Watch the rocket boosters land HERE!
Achievements
Landmark achievements of SpaceX include:
- The first privately funded liquid-fueled rocket to reach orbit (Falcon 1 Flight 4 — September 28, 2008)
- The first privately funded company to successfully launch, orbit, and recover a spacecraft (Falcon 9 Flight 2 — December 9, 2010)
- The first private company to send a spacecraft to the International Space Station (Falcon 9 Flight 3 — May 25, 2012)
- The first private company to send a satellite into geosynchronous orbit (Falcon 9 Flight 7 — December 3, 2013)
- The first landing of an orbital rocket’s first stage on land (Falcon 9 Flight 20 — December 22, 2015)
- The first landing of an orbital rocket’s first stage on an ocean platform (Falcon 9 Flight 23 — April 8, 2016)
- The first relaunch and landing of a used orbital rocket (Falcon 9 Flight 32 — March 30, 2017)
- The first controlled flyback and recovery of a payload fairing (Falcon 9 Flight 32 — March 30, 2017)
- The first reflight of a commercial cargo spacecraft. (Falcon 9 Flight 35 — June 3, 2017)
- The first privately funded payload to escape Earth’s gravity.
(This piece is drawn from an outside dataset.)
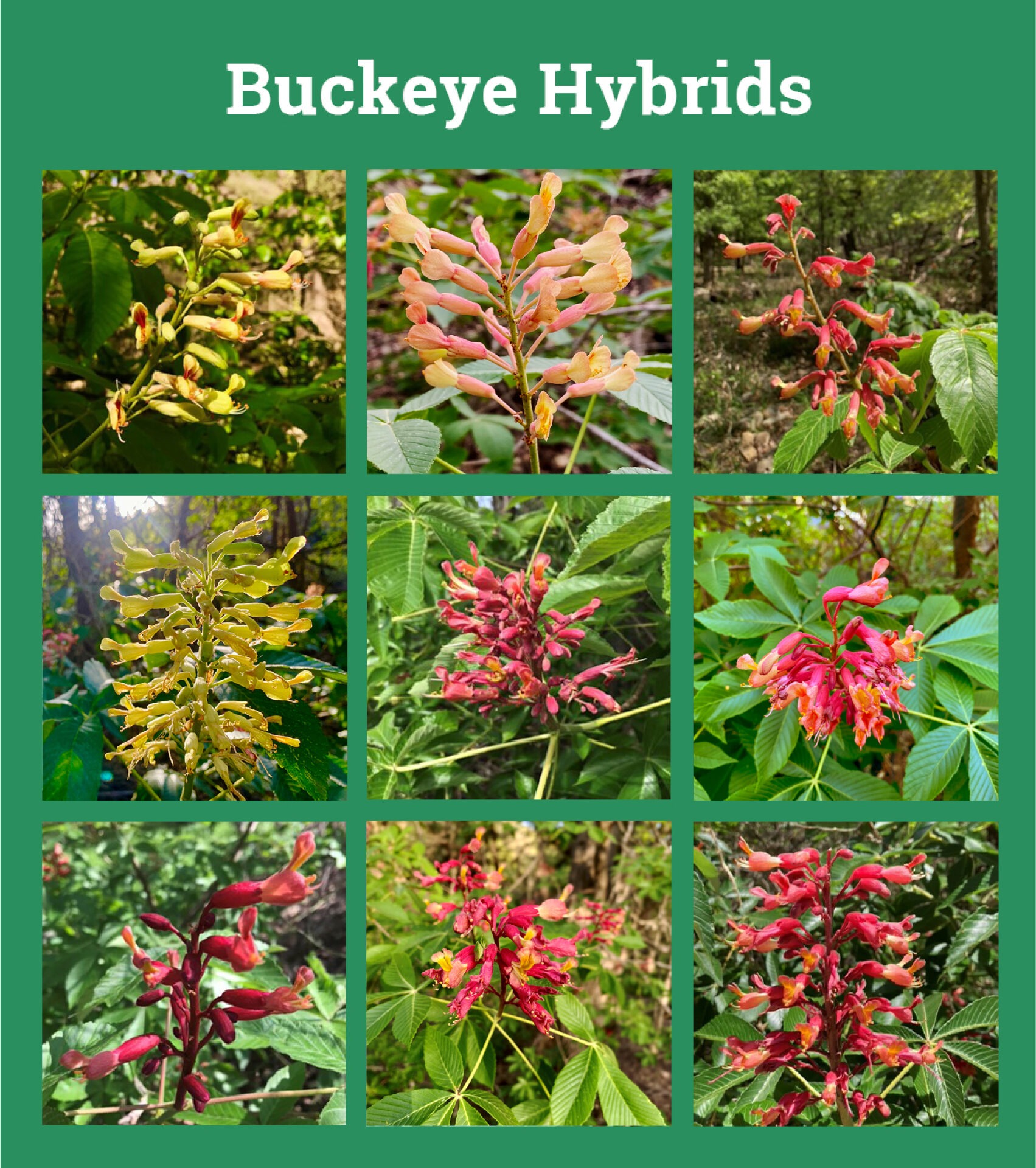 buckeye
Two of the three boosters of the same launch were successfully recovered. (Falcon Heavy Test Flight – February 6, 2018)
In December 2015, SpaceX launched an upgraded Falcon 9 rocket from Cape Canaveral Air Force Station into Low Earth orbit, on a mission designated Flight 20. After completing its primary burn, the first stage of the multistage rocket detached from the second stage as usual. The first stage then fired three of its engines to send it back to Cape Canaveral, where it achieved the world’s first successful landing of a rocket that was used for an orbital launch.